Infrastructure support to enable feature targeting in microservices based web systems (and mobile apps).
This is currently highly experimental and production use is not advisable unless you're brave.
See the examples directory to try things out.
Feature targeting is an evolution (or clarification) of the capability commonly referred to as feature toggles.
The term "feature toggle" is a little misleading. Partly in mentioning "features", leading to an assumption that this capability is only useful for customer facing product changes, but mostly due to the assumption that features can be on or off for everyone and there is nothing in between.
The incorrect assumption being made is that the entire audience sees the same product.
The key to feature targeting is allowing a feature (any behaviour of the system which is either new or different from what the majority of users see) to be enabled for a single user or any subset of users, selected according to set criteria, or randomly (but in a "sticky" fashion).
This capability can then be used in place of a number of other commonly used risk-reducing strategies for testing, deployment and release of software, e.g. ephemeral and long-term environments, blue-green and canary deployments, etc.
The goal of feature targeting is to fully separate deployments from releases and reduce complexity of IT infrastructure and automation, which is in place solely to make sure customers don't see behaviours which are not ready for the public and to reduce risk of issues caused by deployment.
In order to target individual customers at any layer in the tech stack, the expected state of each individual toggle needs to come from a single source of truth, unique to that customer. In web based systems this is a HTTP request (or more generally an RPC call).
A request header is therefore a good place to put the state of features. This can be forwarded from service to service so that the feature state is the same through the entire request tree serving a single customer request. In order to be safe, the default state of a feature should be "disabled", only the features included in the request are enabled.
An interesting benefit of having feature state on the HTTP request is the ability to drive network infrastructure decisions (e.g. traffic routing) by the feature flags as well, enabling "shadow deployment" of a new version of a service, for example, routing traffic to it only if a particular feature is enabled.
There are two ways to enable a feature for a particular user: the system targeting them implicitly based on rules, or the user requesting the feature explicitly without any configuration being in place.
The latter is useful in a development team, when people need to enable a
particular feature for themselves for development and testing purposes, or when
sharing work in progress with an individual or a small group of people. There
are a few ways of achieving this, e.g. a hostname pattern such as
feature-my-feature.example.com
(enables my-feature
), a special HTTP header
with a list of features to enable, etc.
The former is useful when introducing the feature gradually to a larger group of users outside the team without speaking to them first, but also for enabling features for a specific supported location, type of customer, language variation, etc. The targeting can be arbitrarily complex based on any piece of information in the request.
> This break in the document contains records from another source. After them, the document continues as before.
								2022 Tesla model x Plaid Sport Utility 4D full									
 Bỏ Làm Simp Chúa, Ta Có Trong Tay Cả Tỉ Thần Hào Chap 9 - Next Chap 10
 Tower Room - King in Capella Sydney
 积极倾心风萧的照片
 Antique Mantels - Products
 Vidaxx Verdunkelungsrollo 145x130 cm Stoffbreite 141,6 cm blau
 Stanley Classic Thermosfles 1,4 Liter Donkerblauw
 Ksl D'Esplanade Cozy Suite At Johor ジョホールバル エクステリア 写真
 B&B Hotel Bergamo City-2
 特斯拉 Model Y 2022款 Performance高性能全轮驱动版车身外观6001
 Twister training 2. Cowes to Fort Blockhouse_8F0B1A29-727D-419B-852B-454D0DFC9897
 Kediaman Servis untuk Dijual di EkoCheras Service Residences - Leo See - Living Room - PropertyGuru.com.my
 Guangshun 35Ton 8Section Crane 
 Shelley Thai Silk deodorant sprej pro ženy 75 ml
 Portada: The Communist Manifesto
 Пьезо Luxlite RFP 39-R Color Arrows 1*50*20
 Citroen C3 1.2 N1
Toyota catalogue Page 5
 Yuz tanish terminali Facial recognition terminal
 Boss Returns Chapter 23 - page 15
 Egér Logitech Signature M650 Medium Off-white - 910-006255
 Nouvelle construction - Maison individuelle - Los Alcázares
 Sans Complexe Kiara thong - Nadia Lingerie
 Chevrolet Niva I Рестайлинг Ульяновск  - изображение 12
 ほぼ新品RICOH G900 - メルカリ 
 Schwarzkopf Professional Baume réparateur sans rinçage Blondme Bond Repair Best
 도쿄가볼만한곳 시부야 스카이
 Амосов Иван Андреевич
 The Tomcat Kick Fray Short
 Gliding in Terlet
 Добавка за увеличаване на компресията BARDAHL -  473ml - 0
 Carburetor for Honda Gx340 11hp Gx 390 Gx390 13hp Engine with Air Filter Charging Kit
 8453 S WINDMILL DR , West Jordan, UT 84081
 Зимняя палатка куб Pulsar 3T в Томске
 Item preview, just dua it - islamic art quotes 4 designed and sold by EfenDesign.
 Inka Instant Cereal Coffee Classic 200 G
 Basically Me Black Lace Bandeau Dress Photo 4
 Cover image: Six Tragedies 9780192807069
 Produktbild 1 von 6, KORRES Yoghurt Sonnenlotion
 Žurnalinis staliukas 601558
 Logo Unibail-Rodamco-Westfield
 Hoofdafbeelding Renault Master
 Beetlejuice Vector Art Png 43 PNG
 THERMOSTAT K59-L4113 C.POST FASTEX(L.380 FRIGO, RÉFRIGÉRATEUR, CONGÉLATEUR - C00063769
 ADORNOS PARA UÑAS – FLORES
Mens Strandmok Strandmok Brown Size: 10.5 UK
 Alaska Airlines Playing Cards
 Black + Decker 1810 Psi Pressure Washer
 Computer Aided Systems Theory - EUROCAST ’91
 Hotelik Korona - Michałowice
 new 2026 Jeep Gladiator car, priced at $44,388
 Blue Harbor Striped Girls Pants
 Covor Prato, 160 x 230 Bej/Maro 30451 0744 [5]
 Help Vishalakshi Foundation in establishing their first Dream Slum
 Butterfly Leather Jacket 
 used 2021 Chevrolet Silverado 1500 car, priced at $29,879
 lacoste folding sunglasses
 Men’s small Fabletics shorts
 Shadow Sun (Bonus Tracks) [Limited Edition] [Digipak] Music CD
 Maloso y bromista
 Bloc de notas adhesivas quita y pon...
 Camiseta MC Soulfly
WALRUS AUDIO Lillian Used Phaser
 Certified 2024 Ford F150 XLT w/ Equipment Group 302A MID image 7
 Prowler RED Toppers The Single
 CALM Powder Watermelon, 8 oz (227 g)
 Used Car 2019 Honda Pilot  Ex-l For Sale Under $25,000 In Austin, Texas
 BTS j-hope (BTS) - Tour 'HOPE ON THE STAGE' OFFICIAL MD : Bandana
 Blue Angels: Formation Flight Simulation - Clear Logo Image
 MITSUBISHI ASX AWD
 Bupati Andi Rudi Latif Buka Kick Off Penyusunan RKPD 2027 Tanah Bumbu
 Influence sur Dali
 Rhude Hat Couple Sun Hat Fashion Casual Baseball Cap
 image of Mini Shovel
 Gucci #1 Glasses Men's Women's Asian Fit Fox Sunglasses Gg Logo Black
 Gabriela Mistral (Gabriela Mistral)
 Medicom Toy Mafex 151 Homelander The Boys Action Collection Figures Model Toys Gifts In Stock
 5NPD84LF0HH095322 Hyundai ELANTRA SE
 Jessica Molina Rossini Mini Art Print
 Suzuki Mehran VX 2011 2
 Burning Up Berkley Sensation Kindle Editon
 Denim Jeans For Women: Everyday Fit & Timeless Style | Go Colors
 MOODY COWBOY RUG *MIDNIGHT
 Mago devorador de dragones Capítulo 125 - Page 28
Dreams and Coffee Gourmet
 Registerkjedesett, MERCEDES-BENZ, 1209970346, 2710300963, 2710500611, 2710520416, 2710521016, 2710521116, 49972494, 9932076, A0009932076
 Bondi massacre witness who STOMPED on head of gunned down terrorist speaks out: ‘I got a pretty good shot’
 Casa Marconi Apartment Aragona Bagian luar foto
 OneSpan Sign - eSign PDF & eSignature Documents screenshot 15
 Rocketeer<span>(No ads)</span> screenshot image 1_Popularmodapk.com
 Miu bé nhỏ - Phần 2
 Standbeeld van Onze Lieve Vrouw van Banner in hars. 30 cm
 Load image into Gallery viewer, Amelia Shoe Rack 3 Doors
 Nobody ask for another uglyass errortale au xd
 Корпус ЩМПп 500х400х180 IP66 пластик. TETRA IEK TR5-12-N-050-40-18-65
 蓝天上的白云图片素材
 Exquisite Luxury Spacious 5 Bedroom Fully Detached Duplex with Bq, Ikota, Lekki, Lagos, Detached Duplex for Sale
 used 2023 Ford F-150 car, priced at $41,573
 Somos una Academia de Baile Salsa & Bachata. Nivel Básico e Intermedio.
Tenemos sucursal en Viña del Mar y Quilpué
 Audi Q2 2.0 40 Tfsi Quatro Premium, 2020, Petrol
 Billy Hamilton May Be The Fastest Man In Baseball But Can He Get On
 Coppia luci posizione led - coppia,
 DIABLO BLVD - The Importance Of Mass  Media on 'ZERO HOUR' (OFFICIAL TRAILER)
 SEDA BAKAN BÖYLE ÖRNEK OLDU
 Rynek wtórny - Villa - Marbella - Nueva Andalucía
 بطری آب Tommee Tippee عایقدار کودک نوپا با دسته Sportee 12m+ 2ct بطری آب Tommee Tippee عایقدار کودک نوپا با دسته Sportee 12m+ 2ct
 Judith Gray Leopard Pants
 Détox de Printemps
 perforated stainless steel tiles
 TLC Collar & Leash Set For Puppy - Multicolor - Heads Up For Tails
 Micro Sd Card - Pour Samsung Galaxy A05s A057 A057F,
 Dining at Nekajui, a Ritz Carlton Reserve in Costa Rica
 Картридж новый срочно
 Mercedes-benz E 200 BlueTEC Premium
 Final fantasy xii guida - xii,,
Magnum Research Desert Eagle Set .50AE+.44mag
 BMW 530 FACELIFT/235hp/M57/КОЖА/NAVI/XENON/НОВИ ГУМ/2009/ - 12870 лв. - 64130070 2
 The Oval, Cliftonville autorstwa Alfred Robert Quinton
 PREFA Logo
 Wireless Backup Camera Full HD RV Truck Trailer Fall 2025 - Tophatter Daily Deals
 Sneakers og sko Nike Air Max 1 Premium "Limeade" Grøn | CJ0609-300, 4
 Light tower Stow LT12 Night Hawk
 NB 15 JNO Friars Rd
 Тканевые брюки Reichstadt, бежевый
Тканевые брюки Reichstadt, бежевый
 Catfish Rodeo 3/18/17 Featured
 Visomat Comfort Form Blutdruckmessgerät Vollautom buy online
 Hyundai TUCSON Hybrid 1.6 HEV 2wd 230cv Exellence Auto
Each change set made by an engineer should begin by introducing a new feature flag. In its simplest form this is a conditional statement checking the presence of a particular feature name on the incoming request.
The engineer can then make changes, deploy them to a shared environment (even the live one) and use explicit targeting to enable the feature for themselves, but nobody else. This can be repeated as many times as necessary. An interesting side-effect is that the incremental code changes made are immediately available to the wider team (known as "mainline", or "trunk-based" development) reducing queuing of dependent changes.
Once the feature has been mostly completed, a QA person can use explicit targeting to do deeper exploratory testing and outside-in regression tests can be written exercising the feature, also using explicit targeting.
Finally, when the trust in the feature has grown to a point of being ready for release, implicit targeting can be used to enable the feature for the whole team, all of the staff, beta users, a percentage of the public or all of the public.
Once the feature is available for the full audience, the conditionals protecting it can be removed, which concludes the life cycle.
Notice that this could be done without excessive codebase branching and a large number of replicas of the live environment, but with the same level of safety. This is the goal of this capability.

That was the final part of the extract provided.